▶ [Exercise goal] Each line in the material below must be transcribed exactly; no picture belongs in the copy.

▶ [Given material]
BEGIN
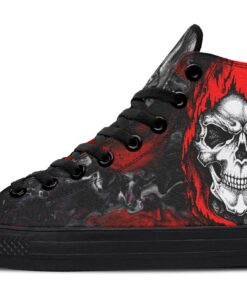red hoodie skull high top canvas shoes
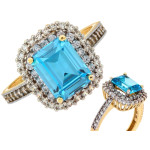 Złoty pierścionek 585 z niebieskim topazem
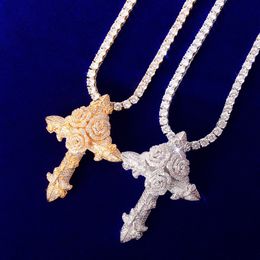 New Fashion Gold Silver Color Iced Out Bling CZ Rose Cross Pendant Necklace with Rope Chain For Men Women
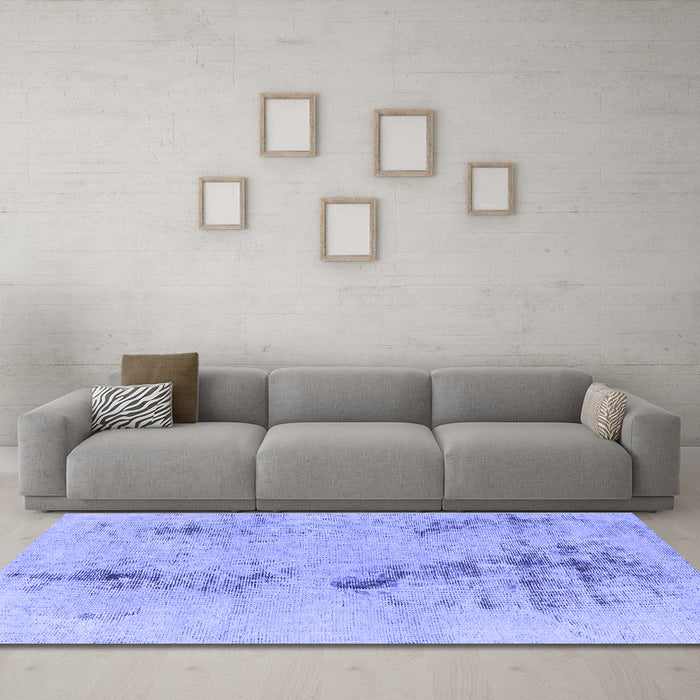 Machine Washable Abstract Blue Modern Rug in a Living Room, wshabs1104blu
END
▶ [Answer section]
red hoodie skull high top canvas shoes
 Złoty pierścionek 585 z niebieskim topazem
 New Fashion Gold Silver Color Iced Out Bling CZ Rose Cross Pendant Necklace with Rope Chain For Men Women
 Machine Washable Abstract Blue Modern Rug in a Living Room, wshabs1104blu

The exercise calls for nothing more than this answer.